When it first happened, I just assumed that the hard disk had gone kaput. On a whim, I tried unplugging and re-inserting the IDE cable and then booting the PC up again. For whatever reason now worked fine. Strange. However, the same issue happened again later. Decided to this time try the BIOS' IDE auto detect and see what came up (the BIOS previously had no problems doing this). Detected a drive on the correct IDE channel but with junk values that were quite off. Not entirely unexpected if the system is complaining that it can't find a system disk to boot from.
I'm using a Promise Technology 560C VLB I/O controller card that has two IDE channels + floppy. I had the hard disk connected to the primary (VESA bus) channel and the CD-ROM connected to the secondary (ISA) channel. Both drives configured as master. I had been using this exact setup with the same motherboard, IO card, drives and IDE cables with no issues since I got the IO controller card in early September. As a result, I again was suspecting that the hard disk was maybe not quite totally dead yet, but was perhaps on it's slow way out.

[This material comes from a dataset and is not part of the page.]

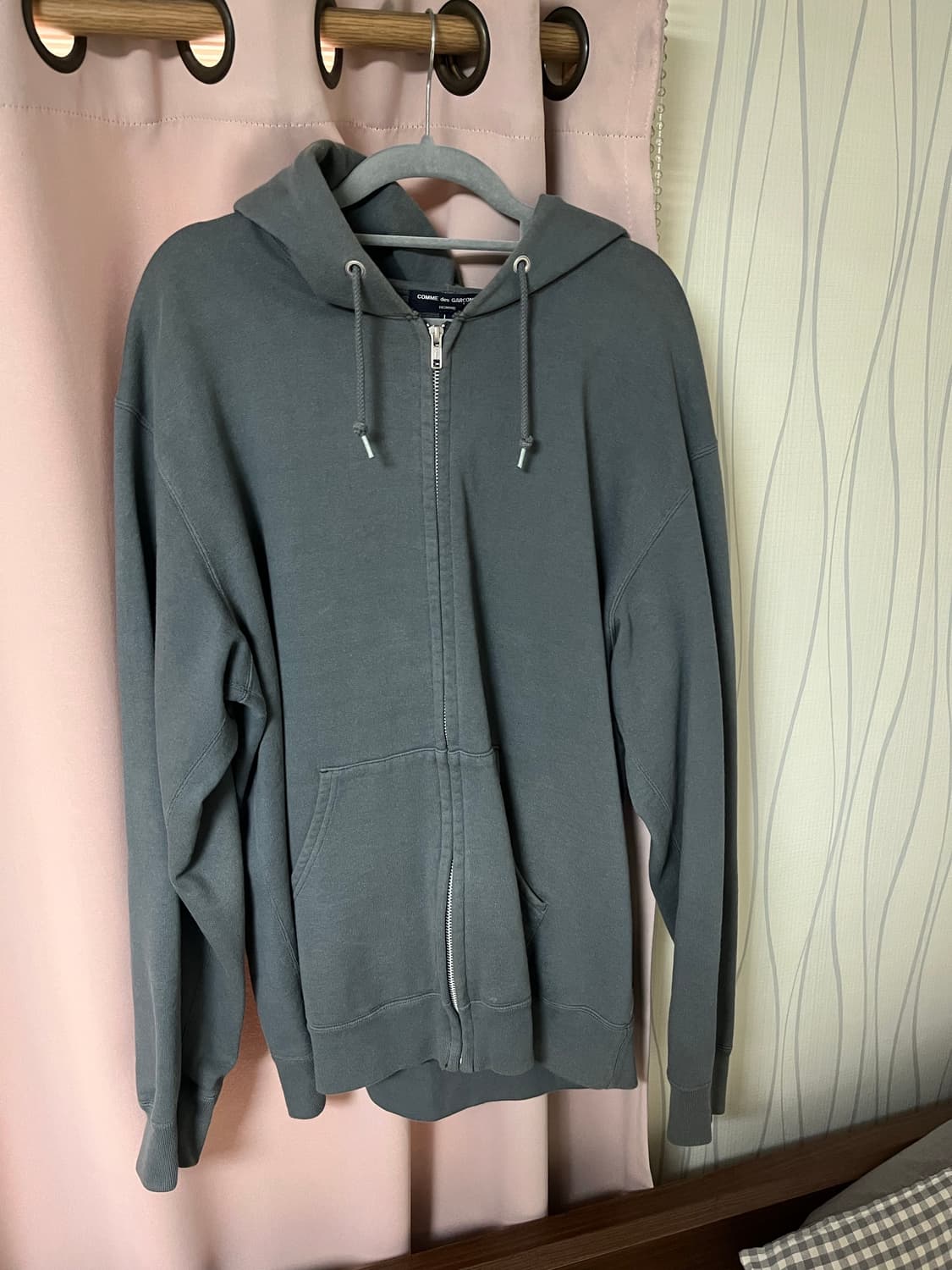 꼼데가르송 옴므 후드집업 차콜 L 상품이미지1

Swapped in another drive to test and it worked, but a couple reboots later it started to not detect this hard disk either. Argh! Ok, maybe the drive isn't dead / dying after all? Maybe the problem is with the IO card. Luckily I had one other IO controller card on hand to try out, a UMC SST-2946/8 VLB card. Had a little bit of a problem at first with this card. Even though it also has two IDE channels, my previous setup with both drives on their own channel (and cables), both configured as master did not work. Had to set the CD-ROM to slave for it to boot successfully. Then it pretty much was the same story as before... first couple of boots, it all worked fine. Eventually the same issue did crop up again. I also tried without the CD-ROM connected at all and eventually hit the same issue with that configuration also. Ugh. 🙁 Tried a different IDE cable too, but no luck there... eventually showed the same issue.
Decided this time to go back to the Promise Tech IO card and bypass the VESA bus entirely for the IDE devices (kind of wish I had a plain ISA controller card right now, but unfortunately I do not). The card has a jumper configuration printed on the card itself that seems to clearly indicate that it sets the ISA channel as the primary (the UMC card probably has this configuration too, but it's not as obvious to me from looking at the labels printed on the card itself and I cannot find a manual for either of these cards). Configured the CD-ROM to slave and connected both it and the hard disk to the same IDE cable.
So far -- knock on wood -- this configuration has been working... at least I've so far gone much longer (and through more reboots) without the issue reappearing then I had been able to before. Will have to give it a couple more days to see for sure I guess. However, I am quite a bit uneasy about the fact that this problem just spontaneously occurred without any other hardware changes. I guess the only thing I've not tried replacing so far is the motherboard, currently a FIC 486-PVT. I guess this is potentially a good excuse to finally try the NOS Eagle G486SLV board I got a few weeks ago that I've been really lazy about trying. Also, will need to pick up a regular ISA IO controller card and maybe another IDE cable in another attempt to rule out any problems there.